Am 3. Oktober 1990 wird die Wismar in den Schiffsbestand der Bundesmarine übernommen. Sie erhält die Bordnummer P 6170.
Am 27. September 1991 wird die Dienstflagge - der Bundesmarine - zum letzten Mal eingeholt.
...[Indonesien] ... Unter der Flagge der indonesischen Marine trägt das Schiff den Namen »Karpal Republic Indonesia Sutanto« (KRI Sutanto). Internetsuchmaschinen liefern mit diesem Suchbegriff aktuelle Auskünfte über das Schiff.
In der Zeitschrift MarineForum, Ausgabe Juli/August 2002 war folgende Meldung zu lesen:
Indonesien - Fast ein Drittel der Einheiten der indonesischen Flotte sind derzeit nicht einsatzfähig.

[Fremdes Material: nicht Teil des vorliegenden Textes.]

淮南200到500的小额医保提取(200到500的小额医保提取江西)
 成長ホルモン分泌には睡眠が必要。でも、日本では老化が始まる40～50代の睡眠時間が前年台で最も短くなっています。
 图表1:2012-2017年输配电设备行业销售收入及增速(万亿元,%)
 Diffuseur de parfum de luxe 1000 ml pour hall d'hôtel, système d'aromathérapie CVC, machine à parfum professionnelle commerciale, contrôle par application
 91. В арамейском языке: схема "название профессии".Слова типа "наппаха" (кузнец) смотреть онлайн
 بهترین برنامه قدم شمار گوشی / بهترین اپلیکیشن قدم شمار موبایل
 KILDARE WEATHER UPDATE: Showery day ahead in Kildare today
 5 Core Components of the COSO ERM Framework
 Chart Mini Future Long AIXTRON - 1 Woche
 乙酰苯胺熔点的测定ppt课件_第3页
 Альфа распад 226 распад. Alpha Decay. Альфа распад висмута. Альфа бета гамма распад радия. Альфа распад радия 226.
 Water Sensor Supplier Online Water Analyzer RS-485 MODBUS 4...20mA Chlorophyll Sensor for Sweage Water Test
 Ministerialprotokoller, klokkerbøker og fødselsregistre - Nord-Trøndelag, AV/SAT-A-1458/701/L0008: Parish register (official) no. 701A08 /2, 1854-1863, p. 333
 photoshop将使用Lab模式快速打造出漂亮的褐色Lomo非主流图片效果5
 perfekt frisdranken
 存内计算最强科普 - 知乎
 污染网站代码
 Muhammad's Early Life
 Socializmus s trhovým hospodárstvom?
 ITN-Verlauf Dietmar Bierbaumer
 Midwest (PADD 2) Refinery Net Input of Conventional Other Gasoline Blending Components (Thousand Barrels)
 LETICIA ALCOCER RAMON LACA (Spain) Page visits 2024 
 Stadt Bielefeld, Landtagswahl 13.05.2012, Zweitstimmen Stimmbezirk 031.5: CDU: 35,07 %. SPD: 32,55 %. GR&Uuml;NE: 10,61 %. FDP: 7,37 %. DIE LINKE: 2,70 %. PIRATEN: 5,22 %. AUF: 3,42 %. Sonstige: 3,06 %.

36 seiner insgesamt 114 Schiffe und Boote sind nach Darstellung von Marinebefehlshaber Bernard Kent Sondakh dringend reparaturbedürftig. Wenn nichts geschehe, so der Admiral vor der Presse, werde seine Marine in zwei Jahren kein einziges Fahrzeug mehr einsatzklar haben. Auch moderne Waffensysteme seien durch jahrelange Vernachlässigung der Instandhaltung schwer beeinträchtigt. So seien sämtliche im Bestand befindlichen Seeziel-FK MM-38 Exocet (Hauptwaffensystem von FK-SBooten der BADIK-Klasse/Typ U.S. PSMM) zur Zeit nicht einsetzbar. Um der ausufernden, jährlich mehr als 3 Mrd. Euro Schaden verursachenden Fischwilderei in indonesischen Gewässern Einhalt zu gebieten (und sicher wohl auch, um bei den sehr begrenzten eigenen Mitteln auf Gelder des Fischerei-Ministeriums zugreifen zu können) möchte der Admiral jetzt 22 der 36 erwähnten, zur Zeit nicht einsatzklaren Einheiten zu vorrangig im Fischereischutz einzusetzenden, reinen Wach- und Patrouillenfahrzeugen umbauen lassen. Dazu sollen auch die 1992 in Deutschland erworbenen 16 Korvetten PARCHIM-I der ehemaligen NVA-Volksmarine gehören.